WHAT YOU SHOULD DO
Line by line, repeat the material below exactly and leave the images out.

SUPPLIED MATERIAL
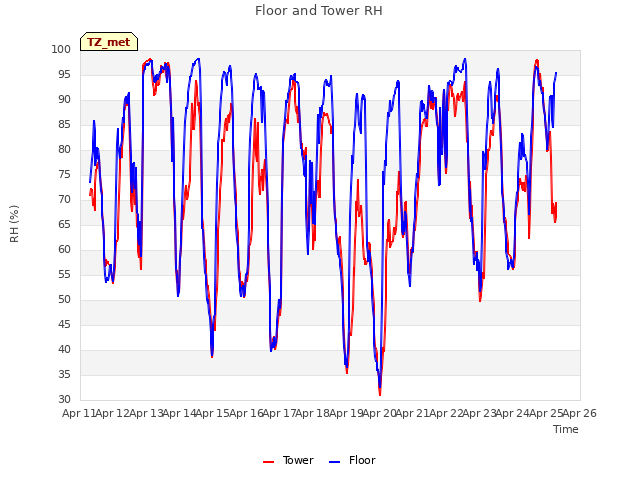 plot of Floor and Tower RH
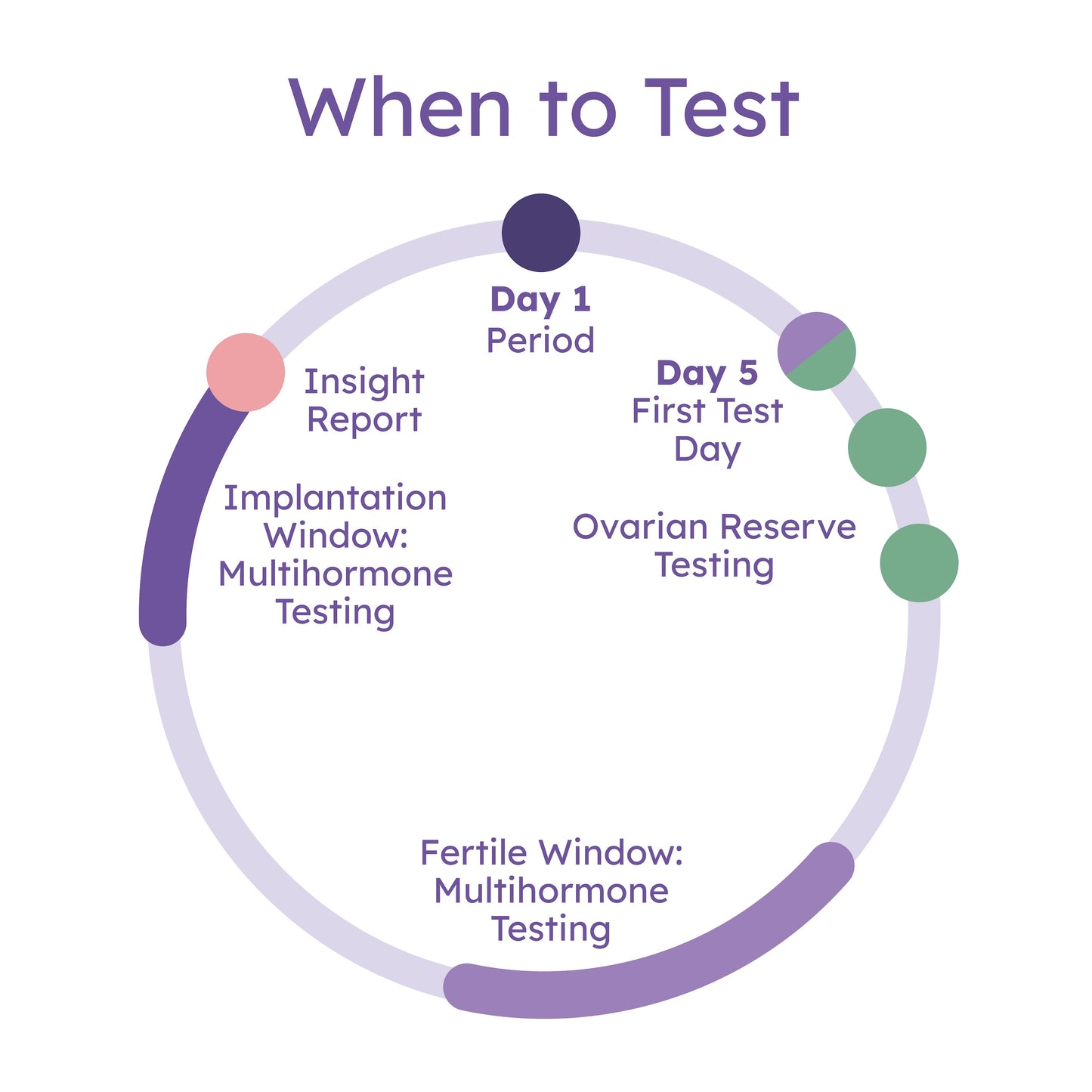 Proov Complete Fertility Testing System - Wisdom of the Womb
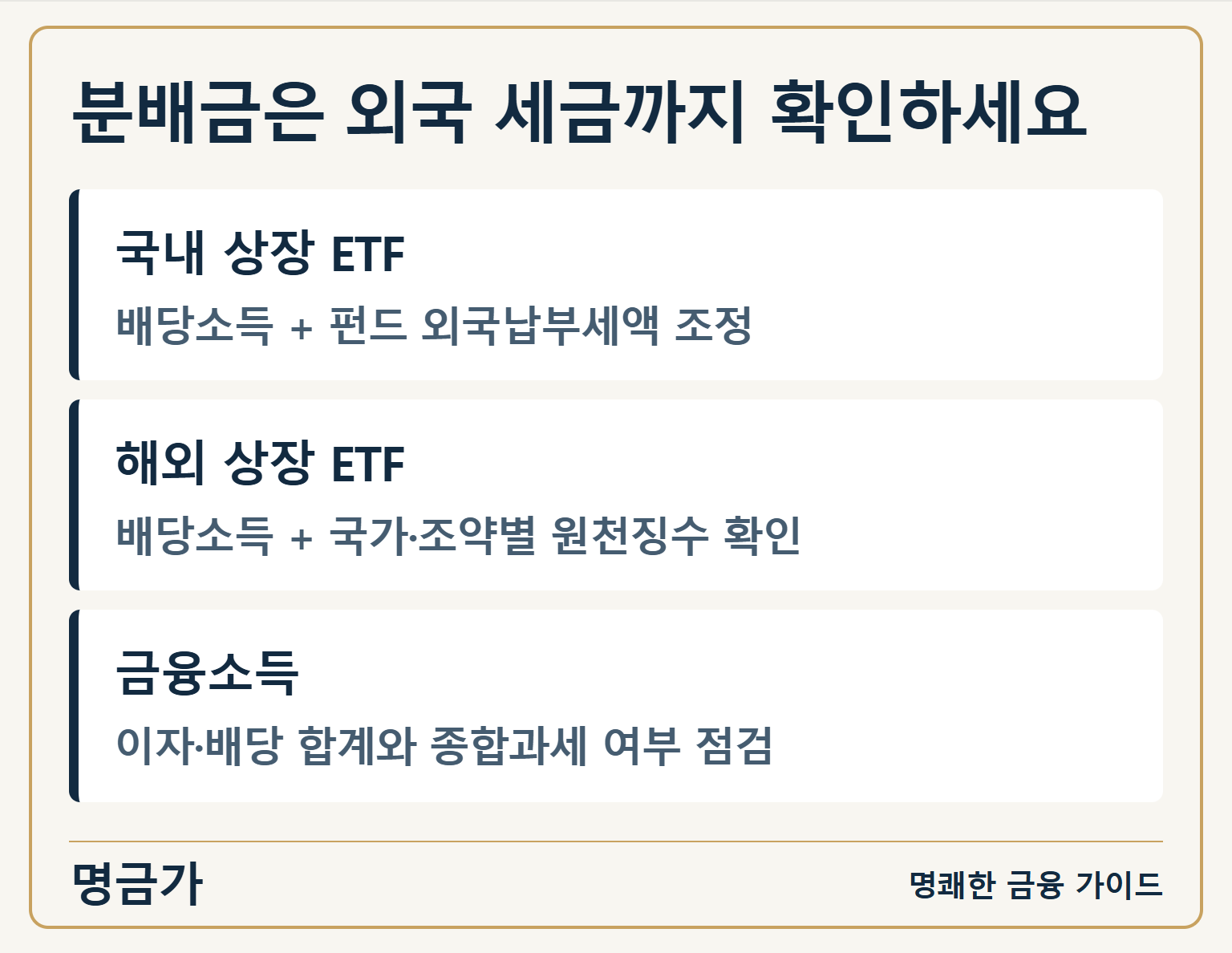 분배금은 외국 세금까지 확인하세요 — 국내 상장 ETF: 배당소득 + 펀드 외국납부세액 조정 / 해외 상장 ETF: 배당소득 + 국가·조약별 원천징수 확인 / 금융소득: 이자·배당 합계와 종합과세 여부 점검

ANSWER BOX
 plot of Floor and Tower RH
 Proov Complete Fertility Testing System - Wisdom of the Womb
 분배금은 외국 세금까지 확인하세요 — 국내 상장 ETF: 배당소득 + 펀드 외국납부세액 조정 / 해외 상장 ETF: 배당소득 + 국가·조약별 원천징수 확인 / 금융소득: 이자·배당 합계와 종합과세 여부 점검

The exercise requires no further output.